Since many CPU architectures ultimately access these peripherals via an
internal virtual memory mapping, the portable ordering guarantees
provided by inX() and outX() are the same as those provided by readX()
and writeX() respectively when accessing a mapping with the default I/O
attributes.
Device drivers may expect outX() to emit a non-posted write transaction
that waits for a completion response from the I/O peripheral before
returning. This is not guaranteed by all architectures and is therefore
not part of the portable ordering semantics.
(*) insX(), outsX():
As above, the insX() and outsX() accessors provide the same ordering
guarantees as readsX() and writesX() respectively when accessing a
mapping with the default I/O attributes.
(*) ioreadX(), iowriteX():
These will perform appropriately for the type of access they're actually
doing, be it inX()/outX() or readX()/writeX().
With the exception of the string accessors (insX(), outsX(), readsX() and
writesX()), all of the above assume that the underlying peripheral is
little-endian and will therefore perform byte-swapping operations on big-endian
architectures.
========================================
ASSUMED MINIMUM EXECUTION ORDERING MODEL
========================================
It has to be assumed that the conceptual CPU is weakly-ordered but that it will
maintain the appearance of program causality with respect to itself. Some CPUs
(such as i386 or x86_64) are more constrained than others (such as powerpc or
frv), and so the most relaxed case (namely DEC Alpha) must be assumed outside
of arch-specific code.
This means that it must be considered that the CPU will execute its instruction
stream in any order it feels like - or even in parallel - provided that if an
instruction in the stream depends on an earlier instruction, then that
earlier instruction must be sufficiently complete[*] before the later
instruction may proceed; in other words: provided that the appearance of
causality is maintained.
[*] Some instructions have more than one effect - such as changing the
condition codes, changing registers or changing memory - and different
instructions may depend on different effects.
A CPU may also discard any instruction sequence that winds up having no
ultimate effect.

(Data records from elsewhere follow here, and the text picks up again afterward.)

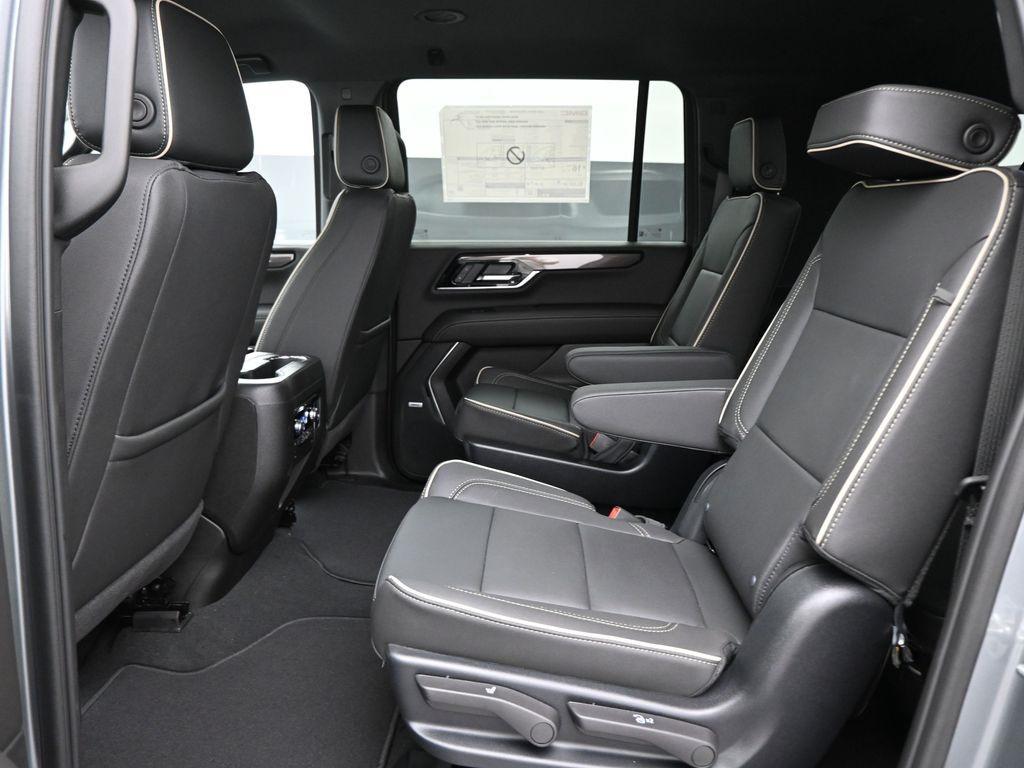 new 2025 GMC Yukon XL car, priced at $73,991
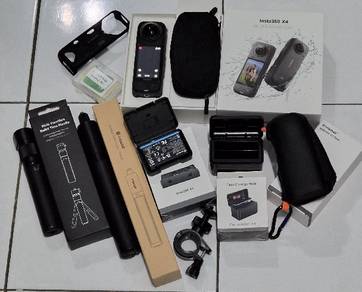 Insta360 X4 Like New Original Box & Complete Set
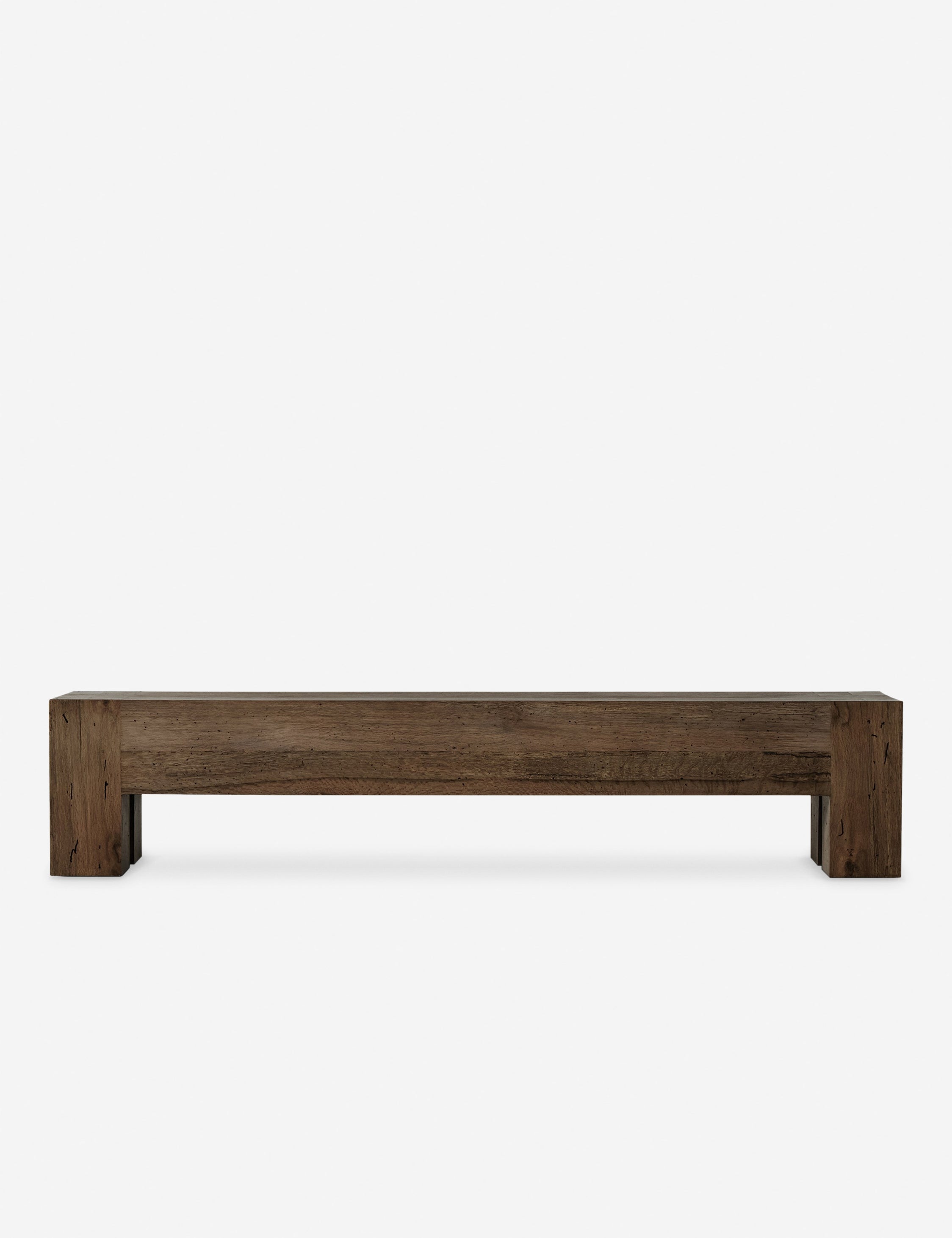 Banc - Ses pieds massifs et ses assemblages à queue-d'aronde confèrent à ce banc une touche rustique.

For example, if two adjacent instructions both load an
immediate value into the same register, the first may be discarded.
Similarly, it has to be assumed that compiler might reorder the instruction
stream in any way it sees fit, again provided the appearance of causality is
maintained.
============================
THE EFFECTS OF THE CPU CACHE
============================
The way cached memory operations are perceived across the system is affected to
a certain extent by the caches that lie between CPUs and memory, and by the
memory coherence system that maintains the consistency of state in the system.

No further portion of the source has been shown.